For this section, I would break down the Enumeration & Discovery section of my notebook into a separate Application Discovery section. Here I would create subsections for the scope, scans (Nmap, Nessus, Masscan, etc.), application screenshotting, and interesting/notable hosts to dig more into later. It is important to time and date stamp every scan that we perform and save all output and the exact scan syntax that was performed and the targeted hosts. This can be useful later on if the client has any questions about the activity they saw during the assessment. Being organized from the start and keeping detailed logs and notes will help us greatly with the final report. I typically set up the skeleton of the report at the beginning of the assessment along with my notebook so I can begin filling in certain sections of the report while waiting for a scan to finish. All of this will save time at the end of the engagement, leave us more time for the fun stuff (testing misconfigurations and exploits!), and ensure that we are as thorough as possible.
An example OneNote (also applicable to other tools) structure may look like the following for the discovery phase:
External Penetration Test -
- Scope (including in-scope IP addresses/ranges, URLs, any fragile hosts, testing timeframes, and any limitations or other relative information we need handy)

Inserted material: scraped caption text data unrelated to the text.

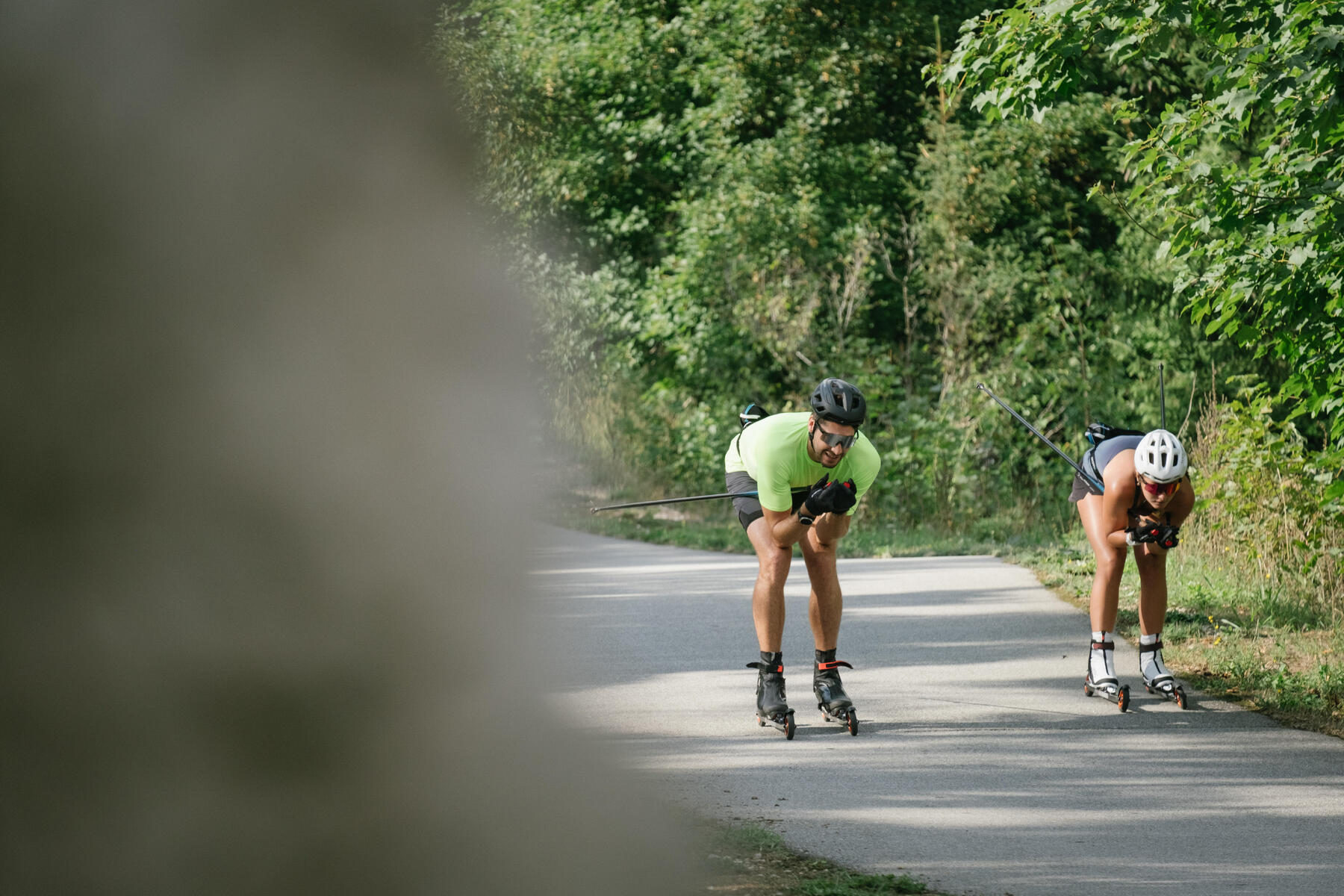 Entdecke das Rollerski! Verbessere deine Technik und Ausdauer auch während des Sommers und glänze beim Langlaufen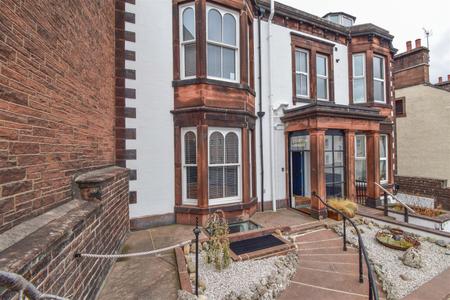 29 Victoria Road Forecourt Garden B.jpg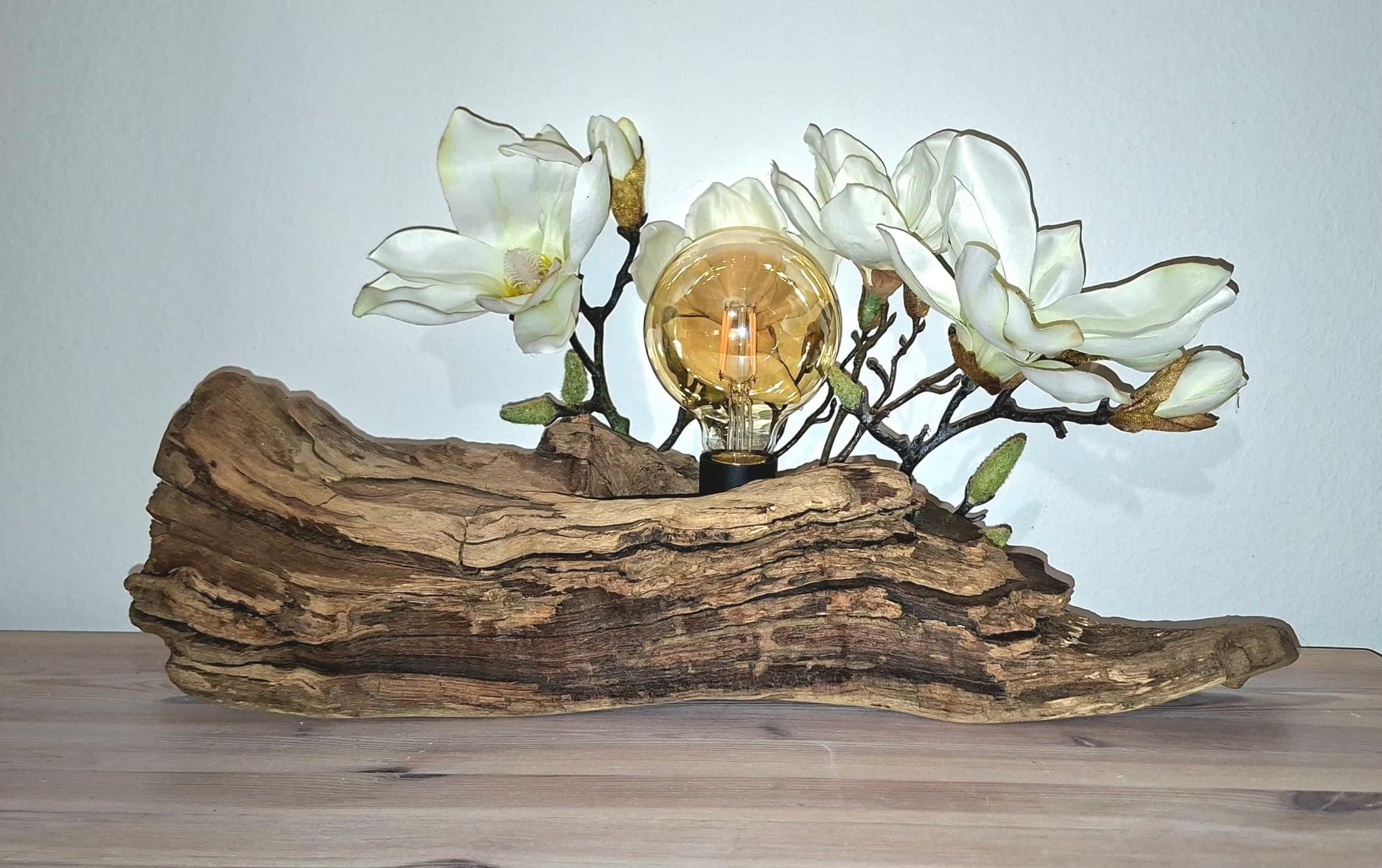 Magnolia Grace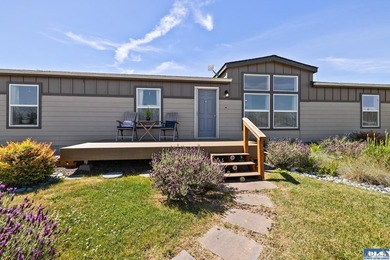 Welcome to this beautifully maintained 3-bedroom, 2-bath - photo 8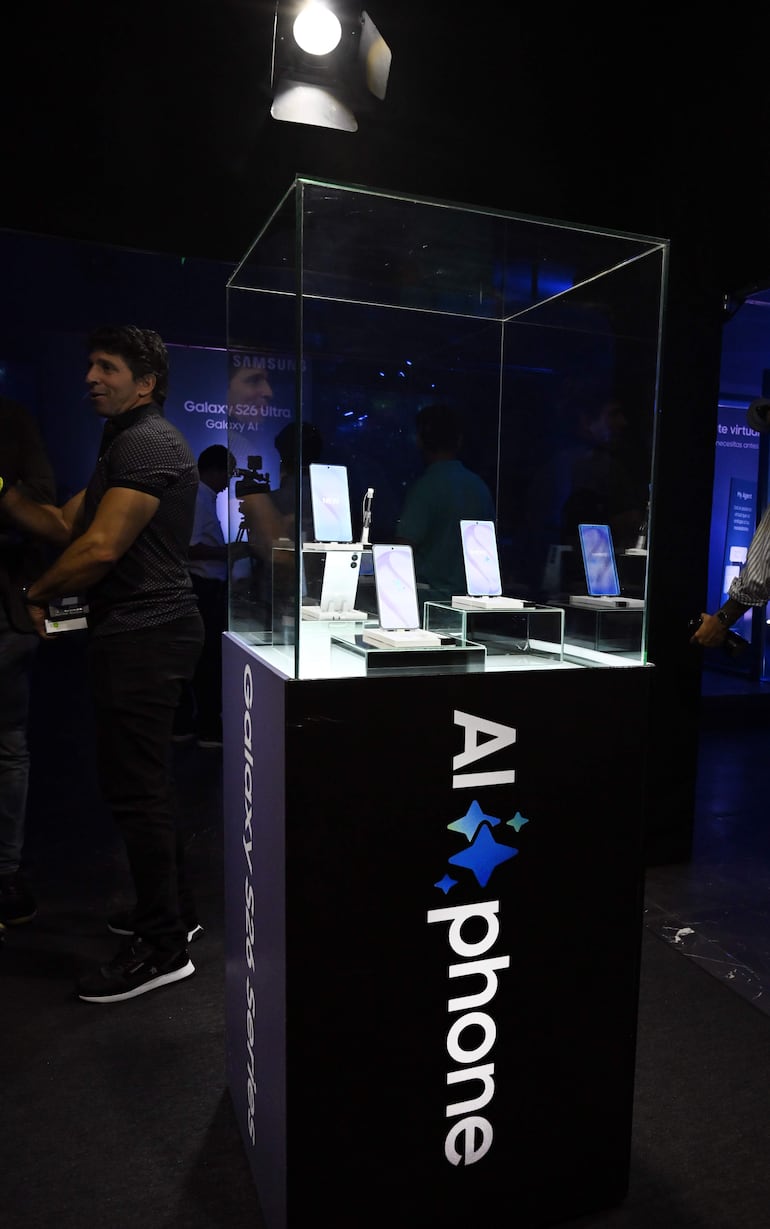 La línea llega en una sofisticada paleta de colores que incluye Violeta Cobalto, Blanco, Negro y Azul Cielo.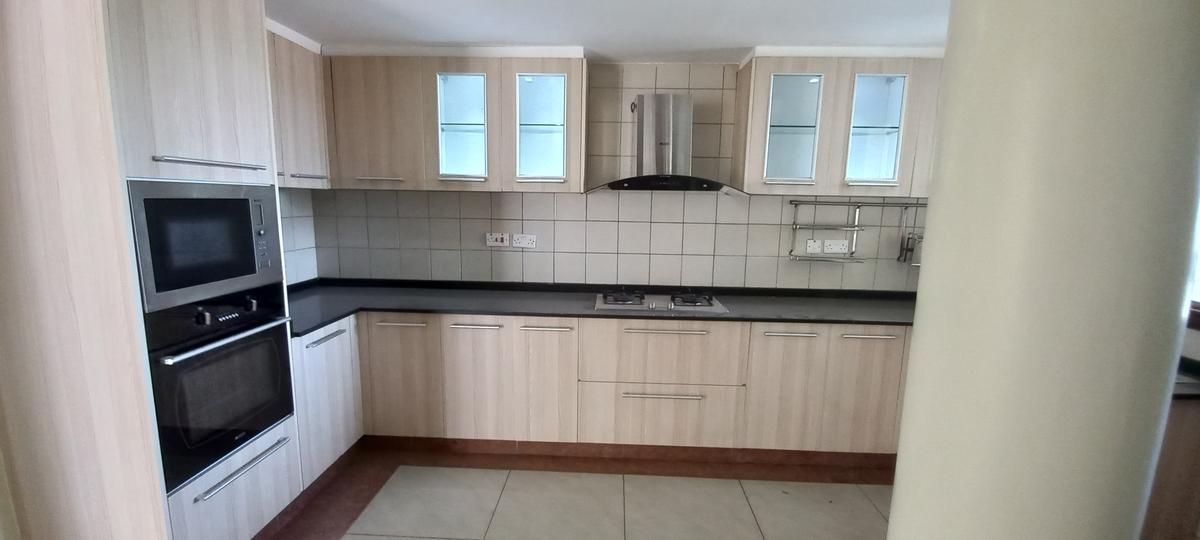 2 Bed Apartment with En Suite in Kileleshwa - 19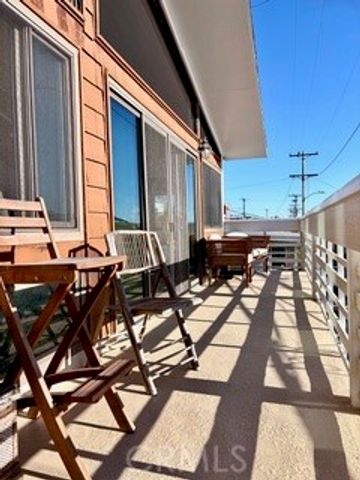 4216 Ocean, Manhattan Beach, CA 90266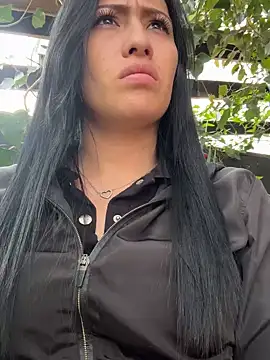 Sara luna  online show from 03/13/25, 09:37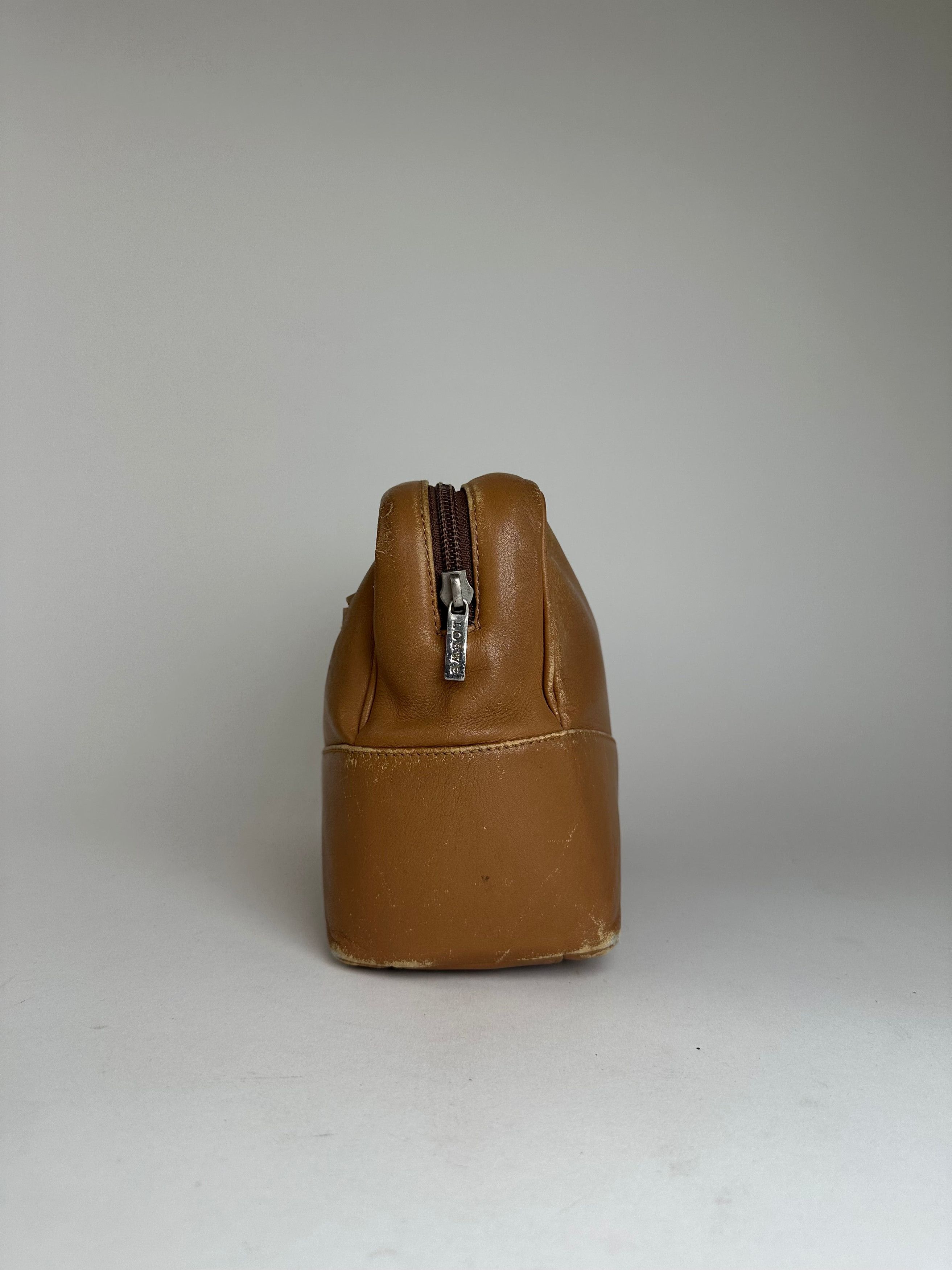 Loewe Vintage Madrid Logo Leather Clutch Brown Size ONE SIZE - 7 Thumbnail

- Client Points of Contact
- Credentials
- Discovery/Enumeration
- Application Discovery
- Exploitation
- Post-Exploitation
We will refer back to this structure throughout the module, so it would be a very beneficial exercise to replicate this and record all of our work on this module as if we were working through an actual engagement. This will help us refine our documentation methodology, an essential skill for a successful penetration tester. Having notes to refer back to from each section will be helpful when we get to the three skills assessments at the end of the module and will be extremely helpful as we progress in the Penetration Tester path.
Initial Enumeration
Let's assume our client provided us with the following scope:
sasorirose@htb[/htb]$ cat scope_list
app.inlanefreight.local
dev.inlanefreight.local
drupal-dev.inlanefreight.local
drupal-qa.inlanefreight.local
drupal-acc.inlanefreight.local
drupal.inlanefreight.local
blog-dev.inlanefreight.local
blog.inlanefreight.local
app-dev.inlanefreight.local
jenkins-dev.inlanefreight.local
jenkins.inlanefreight.local
web01.inlanefreight.local
gitlab-dev.inlanefreight.local
gitlab.inlanefreight.local
support-dev.inlanefreight.local
support.inlanefreight.local
inlanefreight.local
10.129.201.50We can start with an Nmap scan of common web ports. I'll typically do an initial scan with ports 80,443,8000,8080,8180,8888,10000 and then run either EyeWitness or Aquatone (or both depending on the results of the first) against this initial scan. While reviewing the screenshot report of the most common ports, I may run a more thorough Nmap scan against the top 10,000 ports or all TCP ports, depending on the size of the scope. Since enumeration is an iterative process, we will run a web screenshotting tool against any subsequent Nmap scans we perform to ensure maximum coverage.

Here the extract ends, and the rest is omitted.